Skyrocketing prices and aggressive rate hikes from the Federal Reserve have much of the US bracing for a recession. A handful of experts on Wall Street still think the economy can dodge a downturn.

Americans already feel awful about the economy, with consumer sentiment sitting near five-decade lows. Financial markets are similarly bleak, with the S&P 500 roughly 20% below the all-time high notched at the start of 2022.

But where the general public might think a downturn is coming soon — or here already — economists and investors aren't so sure. Several big Wall Street firms have recently published more optimistic outlooks for the US economy over the rest of the year.

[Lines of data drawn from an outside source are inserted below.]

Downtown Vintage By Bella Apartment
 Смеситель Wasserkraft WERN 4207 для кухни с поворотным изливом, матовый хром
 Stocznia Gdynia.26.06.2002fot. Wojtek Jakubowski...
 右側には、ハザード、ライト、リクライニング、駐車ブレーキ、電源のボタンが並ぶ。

Stifel analysts laid out a handful of rosy forecasts in a Sunday note to clients, signaling that the second half of 2022 will be much more encouraging than the first. The team recommended clients pivot from defensive investments to growth assets, arguing the risk outlook will improve over the next several months. They see oil prices continuing to fall and inflation peaking, with goods and energy relief coming "soon."

The inflation cooldown will allow the Fed to pause its interest rate hikes by December and help the US avert a downturn, the analysts added. The central bank has begun aggressively raising rates in an effort to tamp down demand and cool the four-decade-high inflation seen in recent months, and the main reason to fear a recession is that the Fed could go too far and trigger a broad downturn. Price growth easing off would lower that risk.


"Recession fear is over-done, and we see no U.S. recession in six to nine months," the team led by Barry Bannister said.

Other banks have revised their odds of a near-term downturn higher in recent weeks, but even those more bearish economists don't regard an economic slump as the most likely outcome. Recessions are most accurately described as a plunge in employment and "an inability of consumers and businesses to meet their financial obligations," Jonathan Golub, chief US market strategist at Credit Suisse, said in a July note, adding "neither of the conditions are present today."

JPMorgan analysts have pored "very carefully" over economic data and are similarly confident in the economy's resilience, Jeremy Barnum, the bank's chief financial officer, told reporters on a call, according to DealBook.

"There is essentially no evidence of actual weakness," he added.

Morgan Stanley analysts boosted the chance of a recession in the next 12 months to 36% on Monday, citing the decline in job openings and an uptick in jobless claims as early signs that growth is slowing. Still, a downturn isn't their base case just yet. The economy is set to grow 2.9% through the year as hiring demand and spending hold strong, analysts led by Mike Wilson said in a recent note, adding the forecast was made during "the most chaotic, hard-to-predict macroeconomic time in decades."


But where the outlook for the rest of 2022 is encouraging, several experts worry next year will pose a greater risk. It's "inevitable" that the economy plunges into a recession in 2023 as inflation proves harder to quash than expected, Bill Dudley, former president of the New York Fed, said in a June column published by Bloomberg. The Fed will have to prioritize fighting inflation over reaching maximum employment as it looks to avoid permanently faster price growth, Dudley added. That opens the door to a rise in unemployment and a decline in economic output.

"From a risk management perspective, better to act now, whatever the cost in terms of jobs and growth. Powell does not want to repeat the mistakes of the late 1960s and the 1970s," Dudley said.